Latina Lista: News from the Latinx perspective > Palabra Final > Politics > Video: Legal scholar and author Ian Haney López explains how politicians use racism as political strategy to win votes

Video: Legal scholar and author Ian Haney López explains how politicians use racism as political strategy to win votes

LatinaLista — Ian Haney López understands politics, especially dog whistle politics — the practice of using code words that use race to turn Americans against each other.

According to López, legal scholar and author of Dog Whistle Politics: How Coded Racial Appeals Have Reinvented Racism and Wrecked the Middle Class, politicians — on both sides of the aisle — are guilty of using racism as a political strategy to win votes. Their goal is to create intense racial animosity that the target voters will come out in droves and vote against a perceived threat.

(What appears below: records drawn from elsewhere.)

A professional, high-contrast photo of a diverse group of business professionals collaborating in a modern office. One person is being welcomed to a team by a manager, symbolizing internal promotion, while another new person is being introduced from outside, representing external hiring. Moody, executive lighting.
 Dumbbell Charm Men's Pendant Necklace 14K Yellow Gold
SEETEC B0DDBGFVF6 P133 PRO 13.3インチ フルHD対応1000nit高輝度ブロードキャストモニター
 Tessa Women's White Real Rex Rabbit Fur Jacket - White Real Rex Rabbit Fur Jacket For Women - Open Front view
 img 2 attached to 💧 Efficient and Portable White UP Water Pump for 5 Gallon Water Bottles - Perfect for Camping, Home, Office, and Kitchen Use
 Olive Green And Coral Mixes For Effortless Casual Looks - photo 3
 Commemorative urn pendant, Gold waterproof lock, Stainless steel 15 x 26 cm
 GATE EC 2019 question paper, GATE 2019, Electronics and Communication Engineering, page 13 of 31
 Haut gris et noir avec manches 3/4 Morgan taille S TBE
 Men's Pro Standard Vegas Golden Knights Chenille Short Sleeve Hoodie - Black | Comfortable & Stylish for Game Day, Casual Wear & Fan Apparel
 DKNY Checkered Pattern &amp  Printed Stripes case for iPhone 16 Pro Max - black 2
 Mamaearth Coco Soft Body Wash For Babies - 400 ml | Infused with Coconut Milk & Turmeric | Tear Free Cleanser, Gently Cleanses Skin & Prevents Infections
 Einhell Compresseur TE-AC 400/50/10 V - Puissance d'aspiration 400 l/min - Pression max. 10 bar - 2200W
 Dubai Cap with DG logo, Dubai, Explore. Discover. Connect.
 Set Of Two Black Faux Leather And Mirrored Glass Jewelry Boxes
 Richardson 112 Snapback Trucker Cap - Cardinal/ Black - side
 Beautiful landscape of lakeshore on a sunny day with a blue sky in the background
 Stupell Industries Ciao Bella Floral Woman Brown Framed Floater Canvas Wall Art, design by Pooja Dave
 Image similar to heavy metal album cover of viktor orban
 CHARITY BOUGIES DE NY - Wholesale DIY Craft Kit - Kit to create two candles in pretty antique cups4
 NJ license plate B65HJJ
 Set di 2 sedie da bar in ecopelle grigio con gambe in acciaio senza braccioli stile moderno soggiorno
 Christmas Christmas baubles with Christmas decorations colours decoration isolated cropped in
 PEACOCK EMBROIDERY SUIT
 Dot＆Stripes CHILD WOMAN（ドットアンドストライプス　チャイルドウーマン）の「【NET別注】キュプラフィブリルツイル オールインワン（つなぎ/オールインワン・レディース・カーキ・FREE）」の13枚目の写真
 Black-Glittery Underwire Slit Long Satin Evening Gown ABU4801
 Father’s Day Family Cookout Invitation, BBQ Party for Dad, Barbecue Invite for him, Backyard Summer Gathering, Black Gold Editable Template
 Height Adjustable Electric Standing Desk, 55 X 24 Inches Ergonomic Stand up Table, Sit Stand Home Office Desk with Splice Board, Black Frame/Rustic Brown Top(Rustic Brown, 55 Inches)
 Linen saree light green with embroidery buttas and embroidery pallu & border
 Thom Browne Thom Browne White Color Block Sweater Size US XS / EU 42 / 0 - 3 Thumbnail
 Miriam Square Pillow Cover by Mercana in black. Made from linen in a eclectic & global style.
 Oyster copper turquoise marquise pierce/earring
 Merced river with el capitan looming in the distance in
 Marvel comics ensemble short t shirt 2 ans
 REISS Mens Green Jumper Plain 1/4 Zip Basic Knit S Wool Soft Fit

It’s a troubling narrative which López explains to Bill Moyers in a fascinating two-part interview. Among López’s observations:

Most racists are good people. They’re not sick. They’re not ruled by anger or raw emotion or hatred. They are complicated people reared in complicated societies. They’re fully capable of generosity, of empathy, of real kindness. But because of the idea systems in which they’re reared, they’re also capable of dehumanizing others and occasionally of brutal violence. And that’s an important truth. Most people are not racists out of some sort of a sickness of the soul. They’re racist because of the society in which they operate.

The Republicans have a real stake in proving that government can’t work. They need voters to be hostile to federal government. To see government as the enemy. Because that’s the only way voters will support politics that actually give control of government back over to big money

Because dog whistling is going to evolve. And if it has to evolve in a way that brings in certain portions of the Latino population, certain portions of the Asian population, that’s what it’s likely to do. Unless we start addressing this within minority communities, but also in terms of national politics, we should expect these sorts of racial provocations to continue to define our politics for the next decade, two decades, three decades.